» **What you will do**: Word for word, restate the data that follows, omitting the images.

(Stored records)
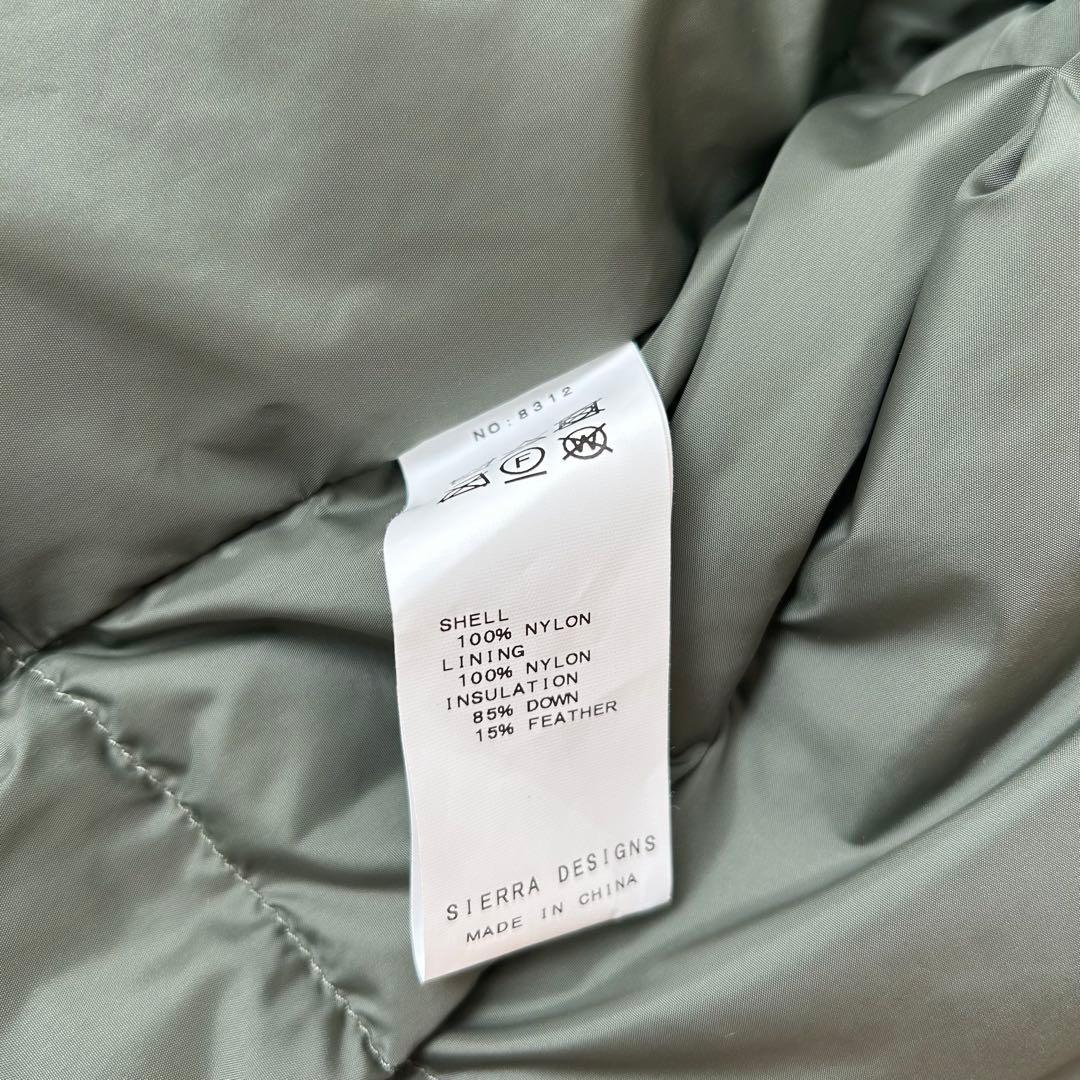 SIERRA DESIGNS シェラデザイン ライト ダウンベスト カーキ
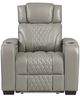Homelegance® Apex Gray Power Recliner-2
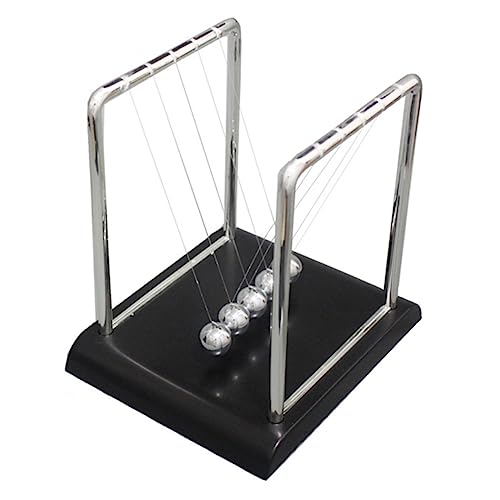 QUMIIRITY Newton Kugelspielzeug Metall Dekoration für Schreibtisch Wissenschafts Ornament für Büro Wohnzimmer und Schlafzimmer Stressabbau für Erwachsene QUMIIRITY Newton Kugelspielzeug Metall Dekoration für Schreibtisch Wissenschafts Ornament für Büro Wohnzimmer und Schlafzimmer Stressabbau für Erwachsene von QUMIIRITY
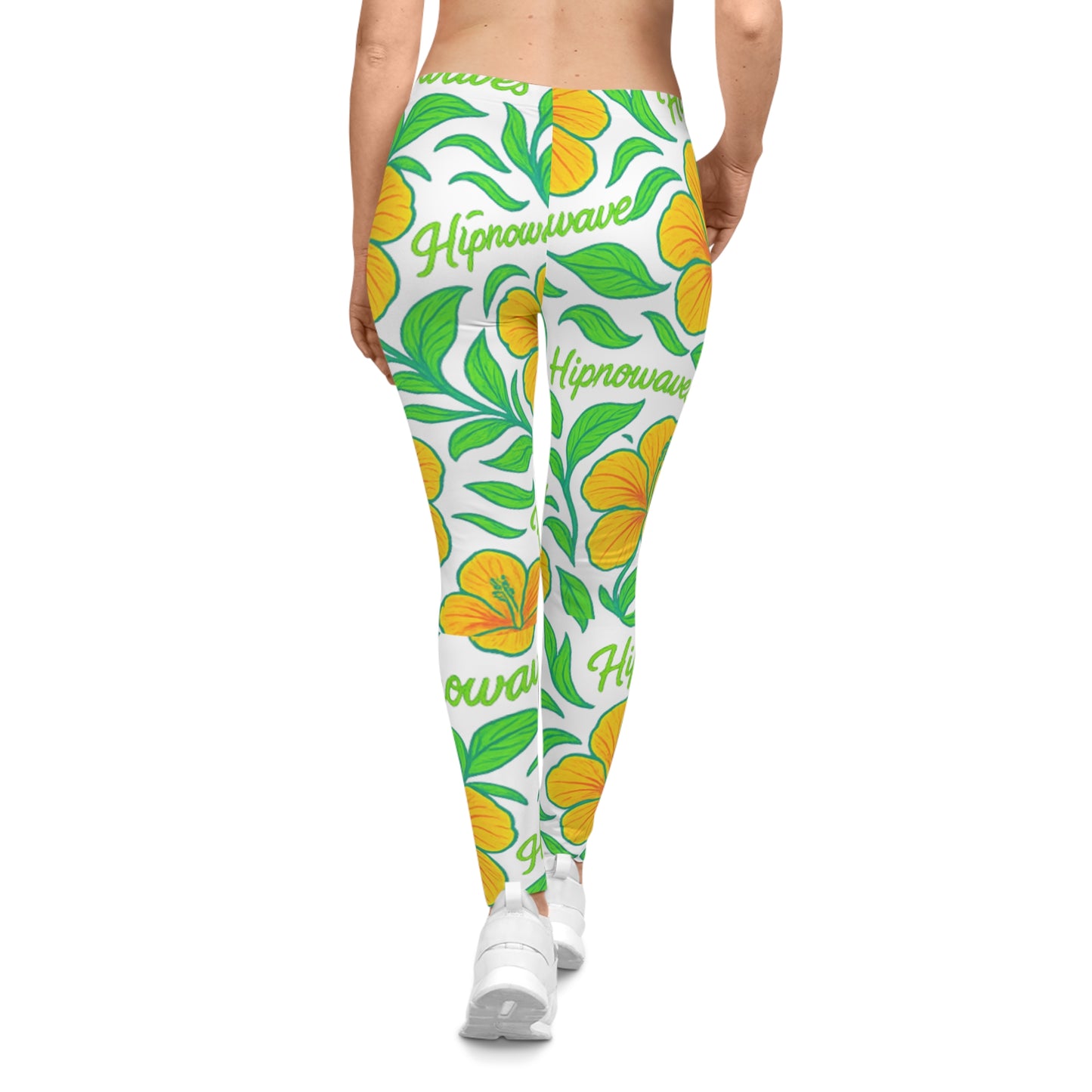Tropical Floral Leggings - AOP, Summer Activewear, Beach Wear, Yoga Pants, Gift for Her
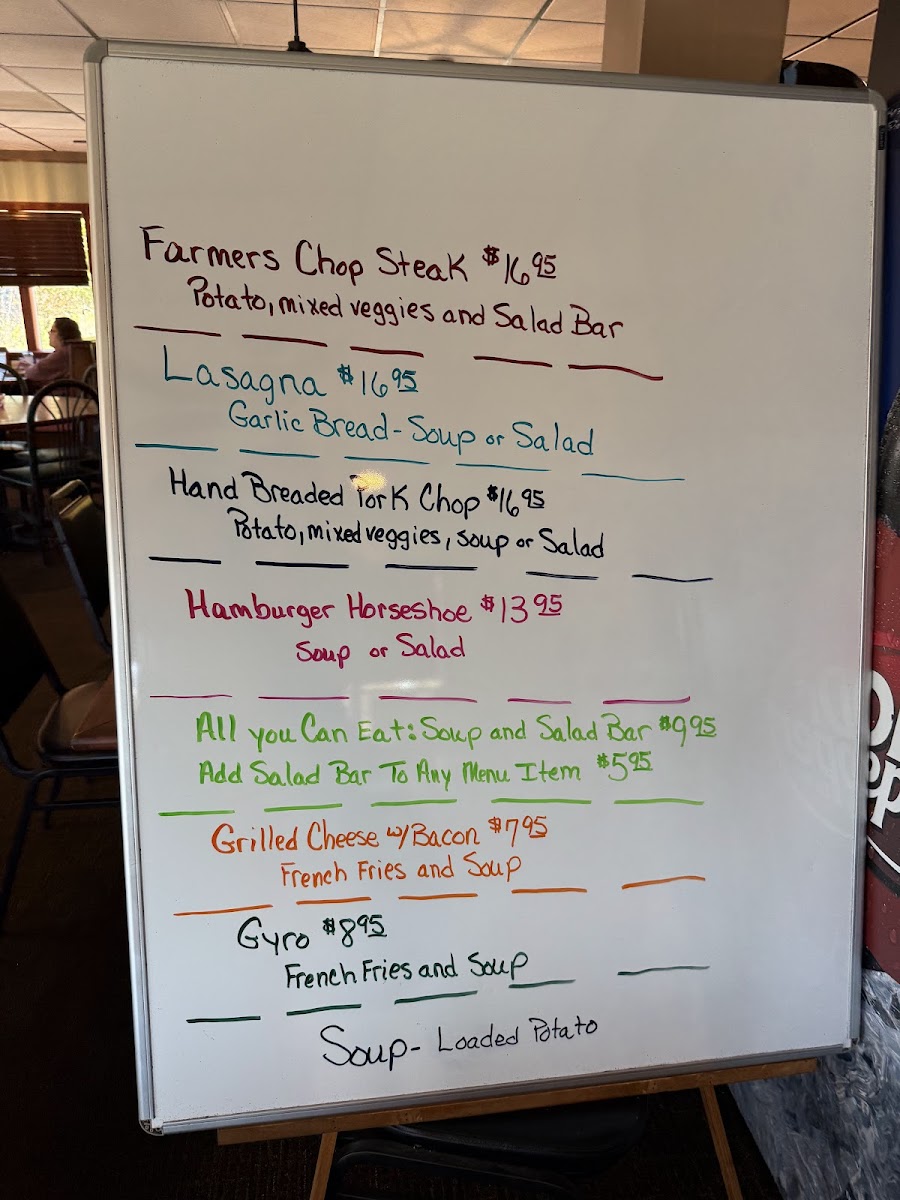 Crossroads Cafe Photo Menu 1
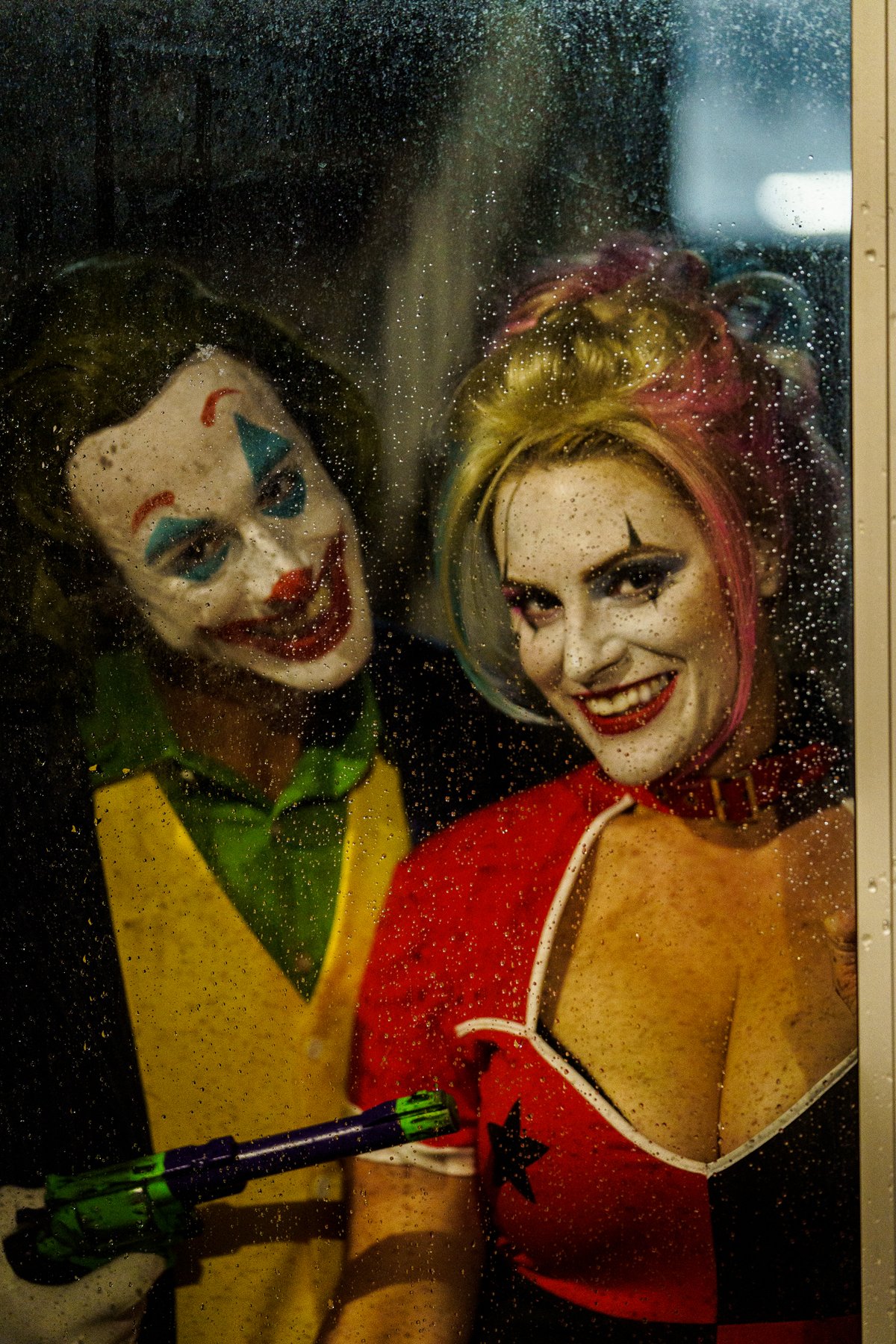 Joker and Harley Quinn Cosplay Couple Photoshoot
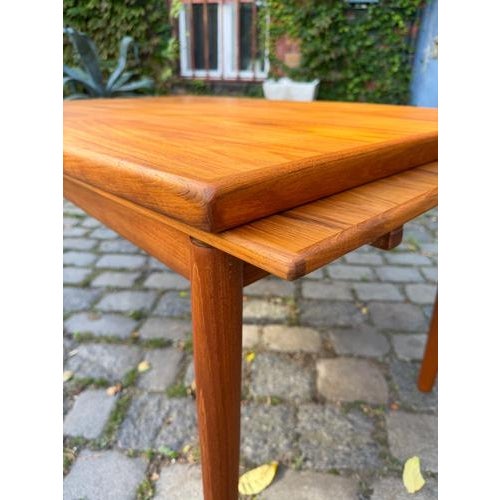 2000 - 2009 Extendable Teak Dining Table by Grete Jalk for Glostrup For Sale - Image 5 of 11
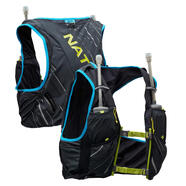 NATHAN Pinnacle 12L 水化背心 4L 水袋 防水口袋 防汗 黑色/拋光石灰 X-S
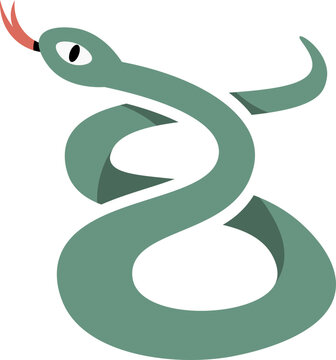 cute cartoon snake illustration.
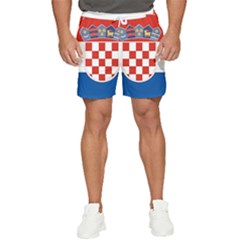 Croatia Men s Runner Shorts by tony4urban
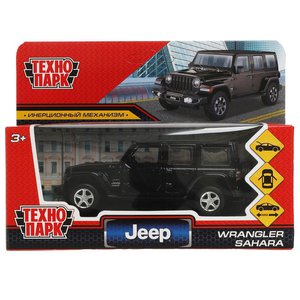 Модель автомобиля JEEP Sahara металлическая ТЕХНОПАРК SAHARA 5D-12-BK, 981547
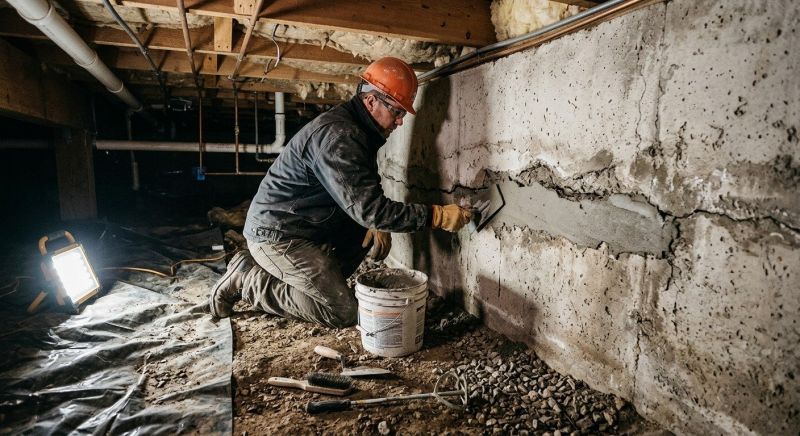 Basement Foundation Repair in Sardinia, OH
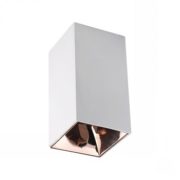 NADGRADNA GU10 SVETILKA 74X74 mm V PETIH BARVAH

» **Solution below**:
 SIERRA DESIGNS シェラデザイン ライト ダウンベスト カーキ
Homelegance® Apex Gray Power Recliner-2
 QUMIIRITY Newton Kugelspielzeug Metall Dekoration für Schreibtisch Wissenschafts Ornament für Büro Wohnzimmer und Schlafzimmer Stressabbau für Erwachsene QUMIIRITY Newton Kugelspielzeug Metall Dekoration für Schreibtisch Wissenschafts Ornament für Büro Wohnzimmer und Schlafzimmer Stressabbau für Erwachsene von QUMIIRITY
Tropical Floral Leggings - AOP, Summer Activewear, Beach Wear, Yoga Pants, Gift for Her
 Crossroads Cafe Photo Menu 1
 Joker and Harley Quinn Cosplay Couple Photoshoot
 2000 - 2009 Extendable Teak Dining Table by Grete Jalk for Glostrup For Sale - Image 5 of 11
 NATHAN Pinnacle 12L 水化背心 4L 水袋 防水口袋 防汗 黑色/拋光石灰 X-S
 cute cartoon snake illustration.
 Croatia Men s Runner Shorts by tony4urban
 Модель автомобиля JEEP Sahara металлическая ТЕХНОПАРК SAHARA 5D-12-BK, 981547
 Basement Foundation Repair in Sardinia, OH
 NADGRADNA GU10 SVETILKA 74X74 mm V PETIH BARVAH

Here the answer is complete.